The U.S. Department of Justice has released its first National Strategy to Combat Child Exploitation Prevention and Interdiction. The strategy builds upon the department’s accomplishments in combating child exploitation by establishing specific, aggressive goals and priorities and increasing cooperation and collaboration at all levels of government and the private sector.

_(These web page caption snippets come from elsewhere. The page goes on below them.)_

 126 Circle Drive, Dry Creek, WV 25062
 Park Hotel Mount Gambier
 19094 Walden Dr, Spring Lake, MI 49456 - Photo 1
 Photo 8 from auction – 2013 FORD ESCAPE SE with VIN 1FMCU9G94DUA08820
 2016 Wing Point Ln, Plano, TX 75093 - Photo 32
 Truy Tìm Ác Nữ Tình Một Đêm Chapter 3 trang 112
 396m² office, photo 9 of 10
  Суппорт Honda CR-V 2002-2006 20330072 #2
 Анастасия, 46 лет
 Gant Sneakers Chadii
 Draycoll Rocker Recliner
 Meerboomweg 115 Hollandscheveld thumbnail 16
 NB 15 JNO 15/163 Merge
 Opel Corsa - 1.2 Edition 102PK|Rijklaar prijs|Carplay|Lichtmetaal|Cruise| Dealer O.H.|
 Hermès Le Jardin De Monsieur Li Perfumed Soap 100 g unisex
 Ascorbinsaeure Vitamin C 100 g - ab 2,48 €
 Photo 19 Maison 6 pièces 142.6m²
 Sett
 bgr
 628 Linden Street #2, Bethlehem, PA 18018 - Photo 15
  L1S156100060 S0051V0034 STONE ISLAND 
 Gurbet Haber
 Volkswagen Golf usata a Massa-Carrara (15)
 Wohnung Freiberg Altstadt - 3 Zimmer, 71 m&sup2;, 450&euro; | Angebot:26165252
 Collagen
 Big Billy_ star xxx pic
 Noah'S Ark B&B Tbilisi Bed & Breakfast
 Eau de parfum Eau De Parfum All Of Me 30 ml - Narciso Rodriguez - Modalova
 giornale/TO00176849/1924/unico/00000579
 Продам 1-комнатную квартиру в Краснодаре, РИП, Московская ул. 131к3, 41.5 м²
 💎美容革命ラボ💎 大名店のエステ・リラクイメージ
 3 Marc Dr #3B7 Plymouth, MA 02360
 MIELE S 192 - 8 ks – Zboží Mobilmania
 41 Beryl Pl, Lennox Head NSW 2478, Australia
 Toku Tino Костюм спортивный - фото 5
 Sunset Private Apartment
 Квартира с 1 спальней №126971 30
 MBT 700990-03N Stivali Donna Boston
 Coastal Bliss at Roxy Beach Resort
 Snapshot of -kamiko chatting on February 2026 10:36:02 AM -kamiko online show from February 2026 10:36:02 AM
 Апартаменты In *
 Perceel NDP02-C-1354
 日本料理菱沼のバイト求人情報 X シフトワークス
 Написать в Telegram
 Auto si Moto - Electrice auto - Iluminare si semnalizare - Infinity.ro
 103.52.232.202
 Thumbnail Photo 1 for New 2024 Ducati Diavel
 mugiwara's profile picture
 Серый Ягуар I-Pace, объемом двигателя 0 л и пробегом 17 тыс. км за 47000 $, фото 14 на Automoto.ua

As part of the overall strategy, the U.S. Marshals Service is launching a nationwide operation targeting the top 500 most dangerous, non-compliant sex offenders in the nation. Additionally, the department will create a national database to allow federal, state, tribal, local and international law enforcement partners to deconflict their cases with each other, engage in undercover operations from a portal facilitated or hosted by the database, share information and intelligence and conduct analysis on dangerous offenders and future threats and trends. The department also created 38 additional assistant U.S. attorney positions to devote to child exploitation cases and over the coming months will work to fill the vacancies and train the new assistants in the specialized area.
“Although we’ve made meaningful progress in protecting children across the country — in rural areas, inner cities, tribal communities and online — and although we’ve brought a record number of offenders to justice in recent years, it is time to renew our commitment to this work,” U.S. Attorney General Eric Holder said. “Congress has rightly called for such an approach — and for more aggressive enforcement of laws aimed at safeguarding our children and preventing, stopping and punishing child exploitation crimes. The Justice Department is fully committed to answering this call.”
Said U.S. Attorney Edward J. Tarver: “The National Strategy’s threat assessment makes clear that child exploitation, often over the Internet, has reached epidemic proportions. This disturbing development demands we act with the full force of the department and its many law enforcement partners. We will settle for nothing less than reducing incidents of child exploitation and bringing justice to those who would steal the innocence of our nation’s children.”
Since fiscal year 2006, the Department of Justice has filed 8,464 Project Safe Childhood cases against 8,637 defendants. In the Southern District of Georgia, 50 defendants have been charged under the Project Safe Childhood initiative since 2006.
These cases include prosecutions of online enticement of children to engage in sexual activity, interstate transportation of children to engage in sexual activity, production, distribution and possession of child pornography and other offenses.